→ **GIVEN MATERIAL**

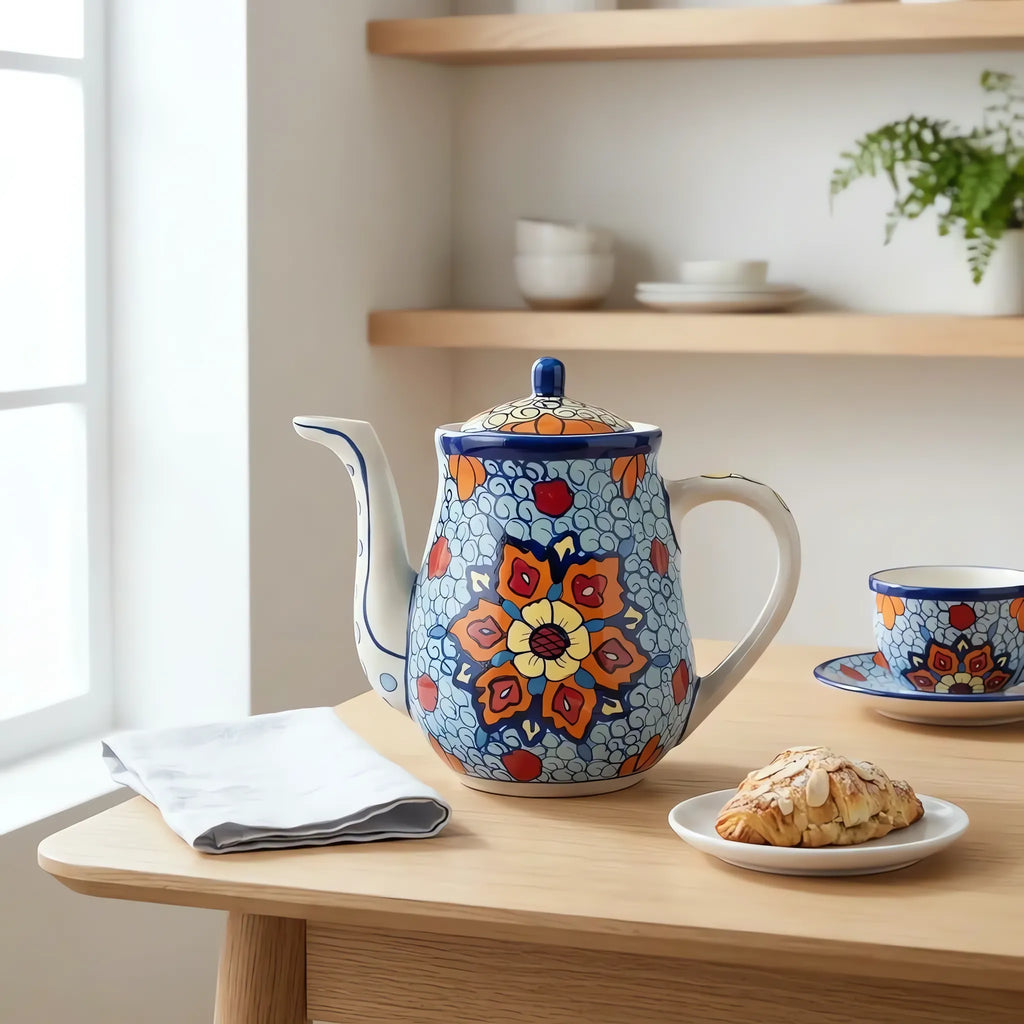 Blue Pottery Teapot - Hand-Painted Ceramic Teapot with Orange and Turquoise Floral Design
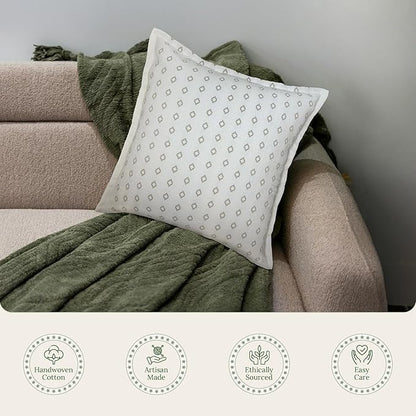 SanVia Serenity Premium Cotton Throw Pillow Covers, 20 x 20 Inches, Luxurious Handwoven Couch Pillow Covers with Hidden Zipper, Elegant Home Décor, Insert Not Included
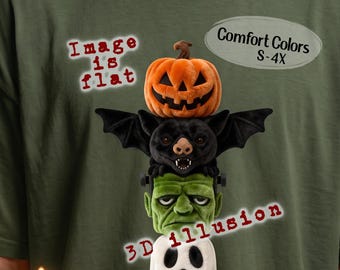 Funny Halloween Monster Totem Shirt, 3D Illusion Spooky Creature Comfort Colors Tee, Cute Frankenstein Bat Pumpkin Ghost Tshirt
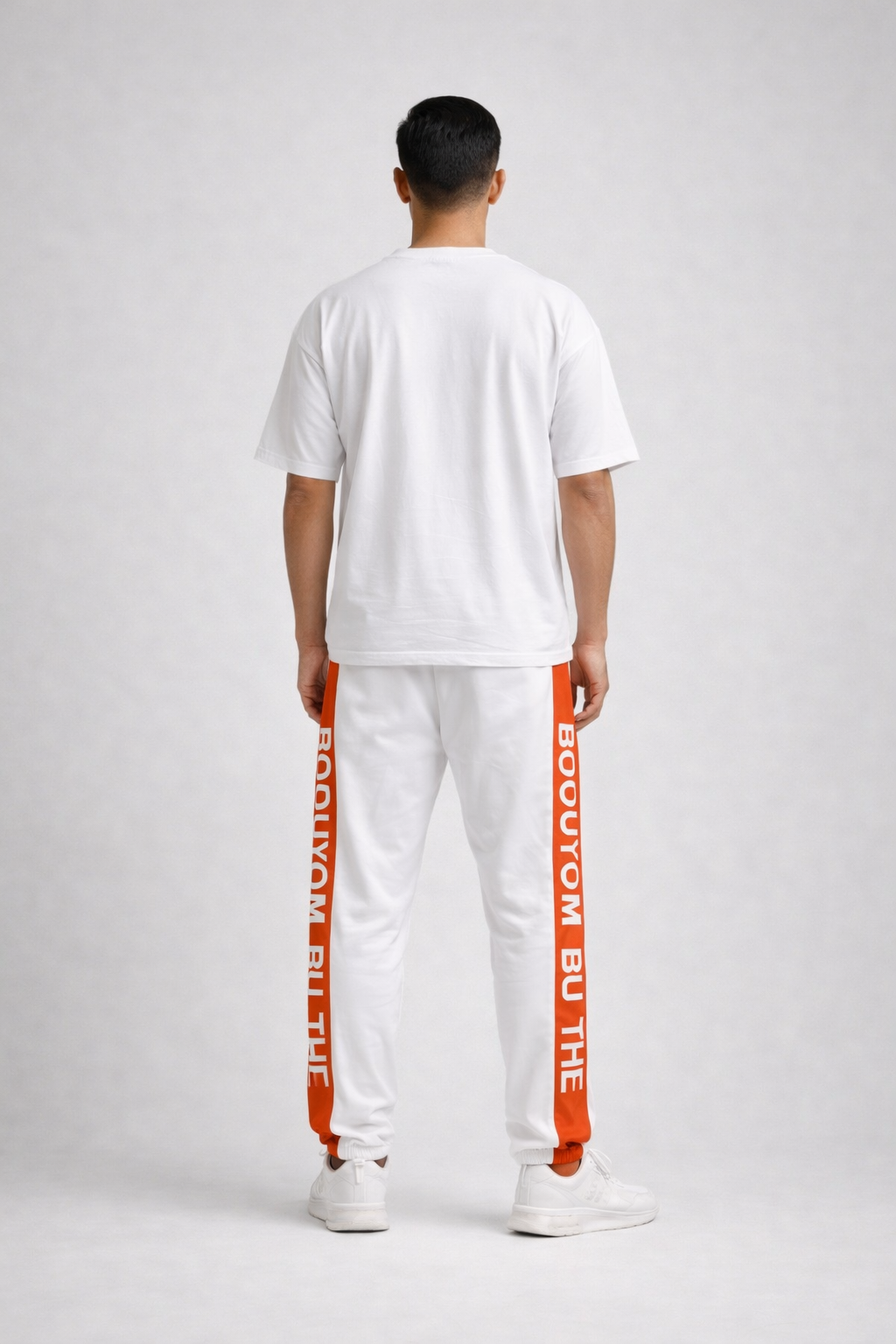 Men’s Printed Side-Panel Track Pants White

→ **WORK TASK**
If the material above contains pictures, exclude them from an otherwise exact transcription.

→ **EXERCISE OUTPUT**
 Blue Pottery Teapot - Hand-Painted Ceramic Teapot with Orange and Turquoise Floral Design
 SanVia Serenity Premium Cotton Throw Pillow Covers, 20 x 20 Inches, Luxurious Handwoven Couch Pillow Covers with Hidden Zipper, Elegant Home Décor, Insert Not Included
 Funny Halloween Monster Totem Shirt, 3D Illusion Spooky Creature Comfort Colors Tee, Cute Frankenstein Bat Pumpkin Ghost Tshirt
 Men’s Printed Side-Panel Track Pants White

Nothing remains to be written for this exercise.